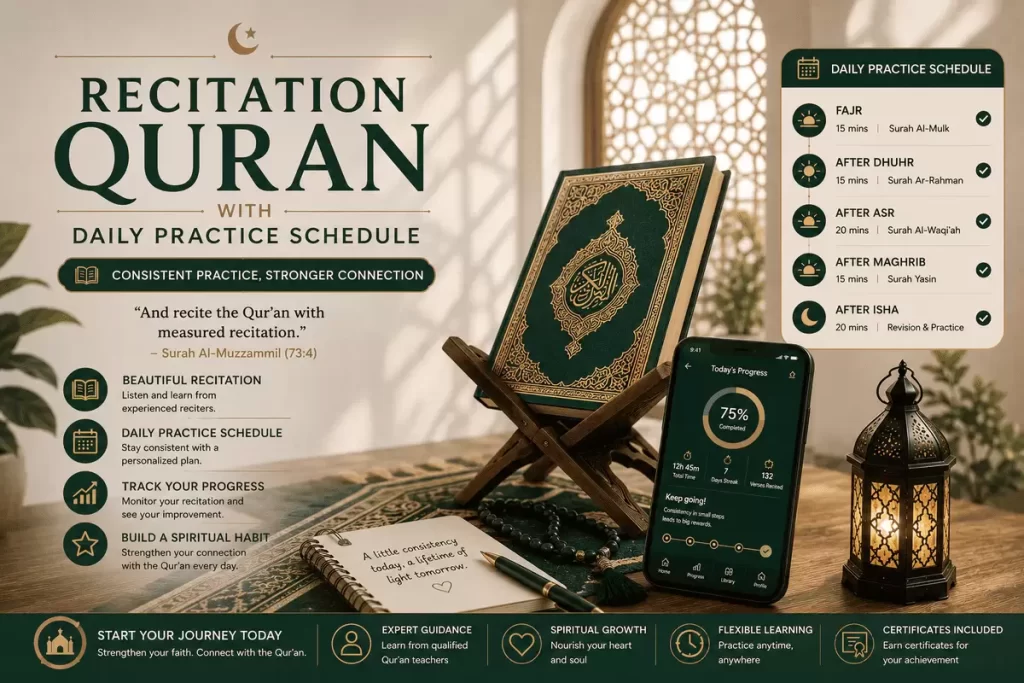 recitation Quran with daily practice schedule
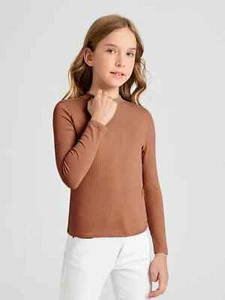 Girls Mock Neck Brown Tee Size 9 New - Picture 1 of 4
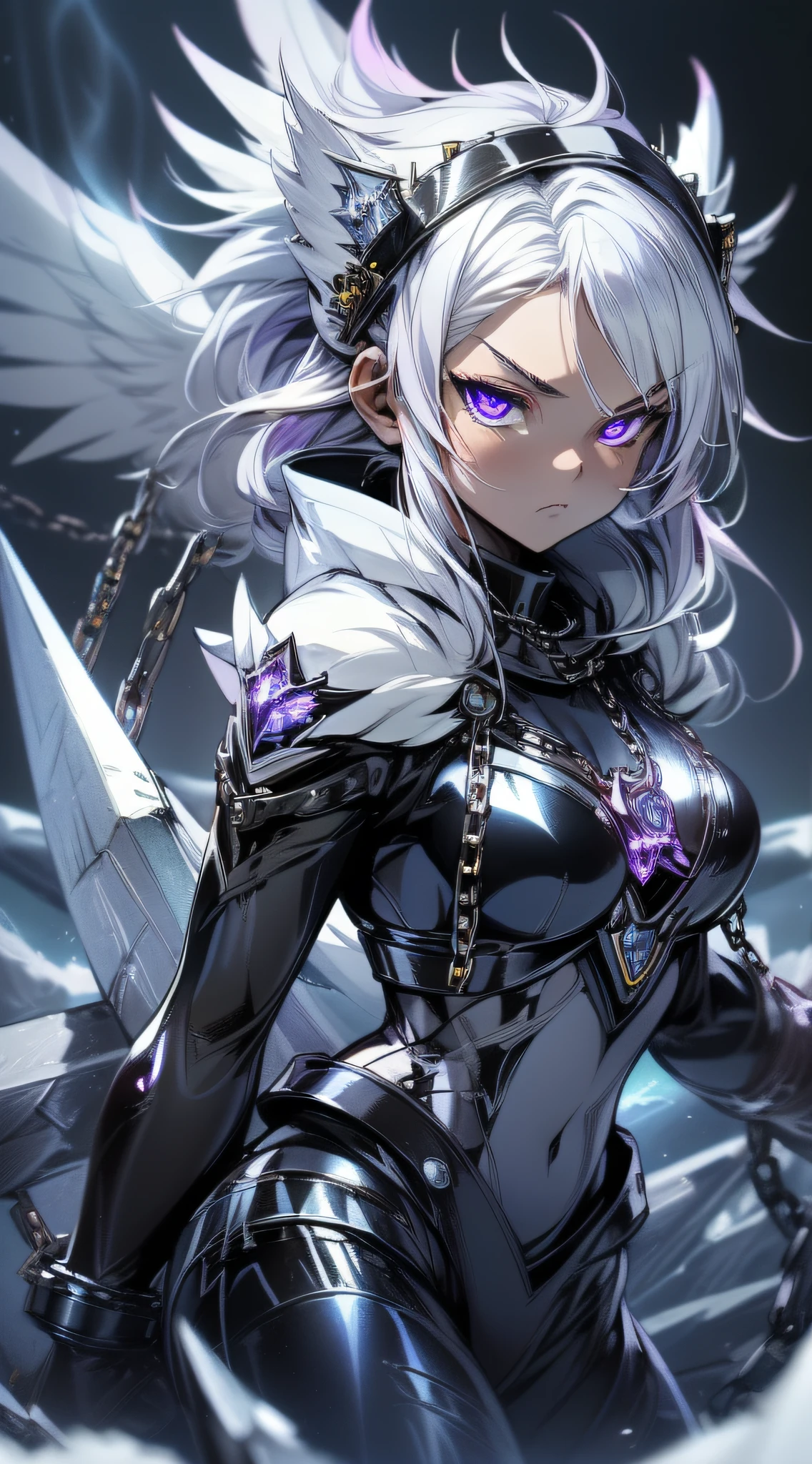 top-quality、Top image quality、​masterpiece、girl with((black shiny mechanic suit、18year old、teen ager、cute little、Best Bust、big bast,Beautiful shining purple eyes、Breasts wide open, white  hair、one white winged,Longhaire、A slender,Large valleys、belligerent movements,sharp claws、anchor chain、chain、chains、Beam Cannon、Have an ice sword、)),hiquality、Beautiful Art、Background with((natta、snow blowing、Oyuki、Yuki、ice tower、big ice house、White smoke)))、,masutepiece、depth of fields,Cinematic style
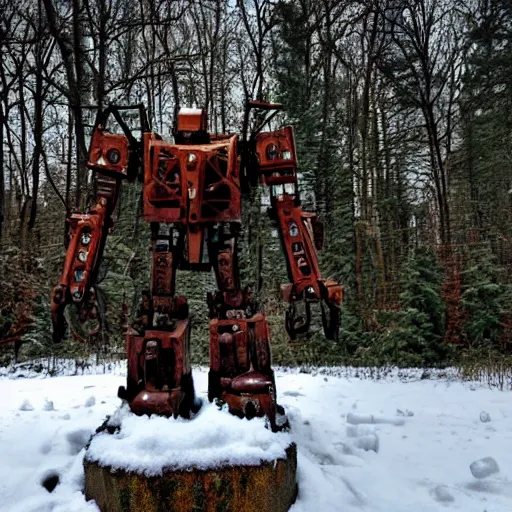 Prompt: rusted out mech in the woods covered in snow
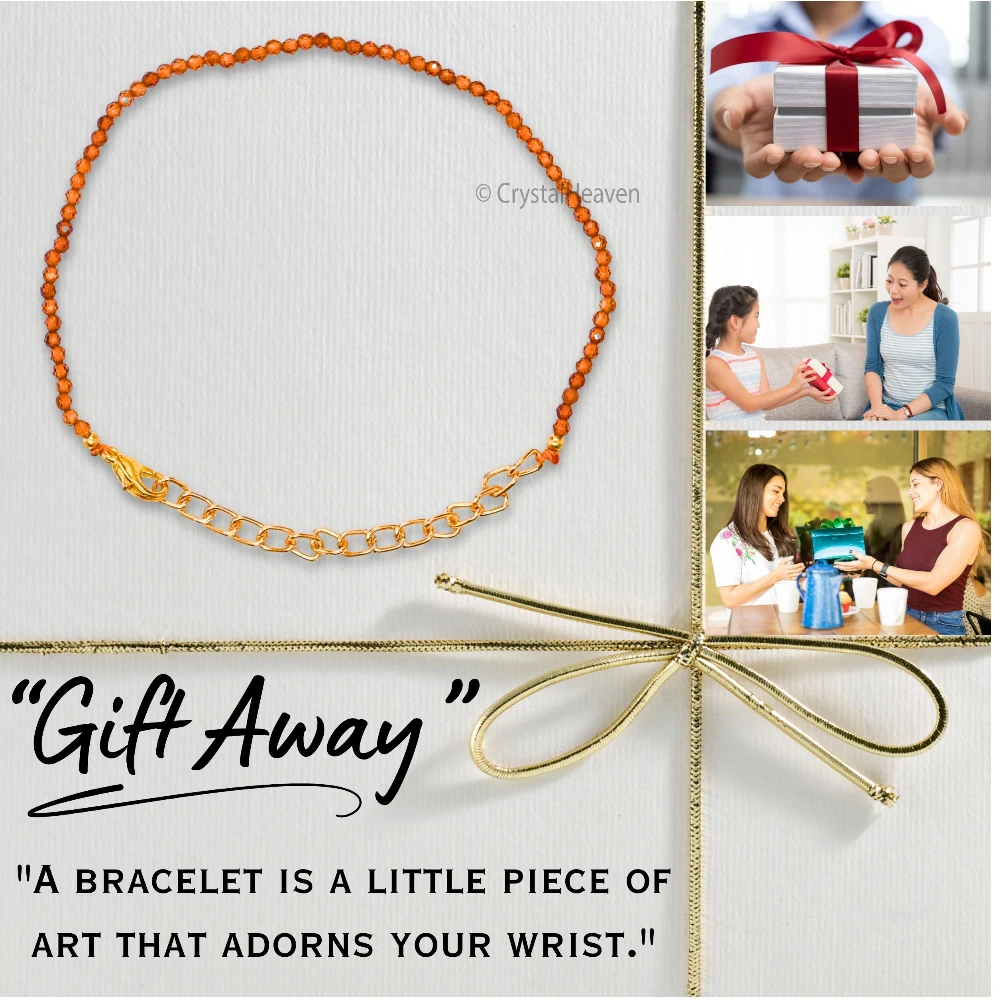 Hessonite Garnet Bracelets - 2mm Faceted Beads (Gold)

+===+

Assignment: Rewrite the data above exactly as given, but omit the images.

Exercise answer:
 recitation Quran with daily practice schedule
 Girls Mock Neck Brown Tee Size 9 New - Picture 1 of 4
 top-quality、Top image quality、​masterpiece、girl with((black shiny mechanic suit、18year old、teen ager、cute little、Best Bust、big bast,Beautiful shining purple eyes、Breasts wide open, white  hair、one white winged,Longhaire、A slender,Large valleys、belligerent movements,sharp claws、anchor chain、chain、chains、Beam Cannon、Have an ice sword、)),hiquality、Beautiful Art、Background with((natta、snow blowing、Oyuki、Yuki、ice tower、big ice house、White smoke)))、,masutepiece、depth of fields,Cinematic style
 Prompt: rusted out mech in the woods covered in snow
 Hessonite Garnet Bracelets - 2mm Faceted Beads (Gold)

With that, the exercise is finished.